The U.S.
Navy is about to retire its first nuclear powered aircraft carrier, the USS
Enterprise. This ship entered service in 1961 and will be decommissioned next
year. While the U.S. Navy has made many large vessels available as museum
ships, the nuclear powered carriers will be off-limits. This is because it
costs over half a billion dollars to retire a nuclear powered carrier and most
of the cost goes to removing and disposing of the nuclear reactors. A non-nuclear
powered carrier costs less than $60 million to decommission. Many veterans of
the ten Nimitz class carriers pressed the navy to allow the “island” (the tall
structure on the side of the flight deck) of the Nimitz (to be retired in 2025)
to be preserved as a museum, but the navy refused. It would be too expensive.

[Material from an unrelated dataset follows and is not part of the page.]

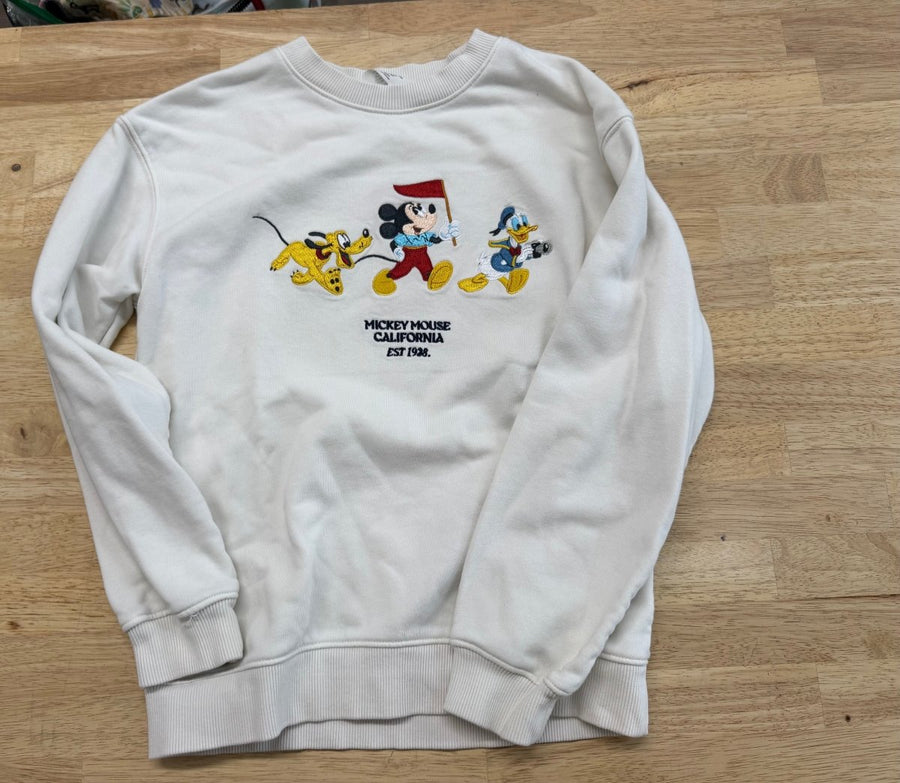 H&M Mickey Mouse California Sweatshirt – 8–10Y | Cream Embroidered Excellent - Nest and Sprout-Consignment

That may not be a problem, as there are over half a million veterans who served
on a Nimitz class carrier and some of them may come up with a solution and the
needed cash.
Meanwhile
the U.S. already has five retired aircraft carriers (USS Hornet, Intrepid,
Lexington, Midway, and Yorktown) that have been turned into museum ships. There
are also ten battleships (USS Alabama, Arizona, Iowa, Massachusetts, Missouri,
North Carolina, New Jersey, Texas, Utah, and Wisconsin) plus over fifty
destroyers, cruisers, amphibious ships, and submarines. More are on the way, if
the cost of maintaining current museum ships does not scare off everyone. The
World War II museum ships are all up for major refurbishment and the few that
have had it have demonstrated that this sort of thing is very expensive, even
more so for post-World War II ships.
For
example, three years ago the U.S. Navy retired its last non-nuclear aircraft
carrier, the USS John F. Kennedy. The navy offered the ship to any government
or non-profit organization that wanted to maintain it as a museum ship. The
navy is still waiting for a response. Entering service in 1968, the Kennedy is
321 meters (1052 feet) long and displaces 82,000 tons. It would be the largest
museum ship ever. The ship is currently docked in Philadelphia and there is
much enthusiasm in Boston for taking the carrier, named after a native son, and
establishing a museum ship. The big problem, for whoever takes the ship, is money.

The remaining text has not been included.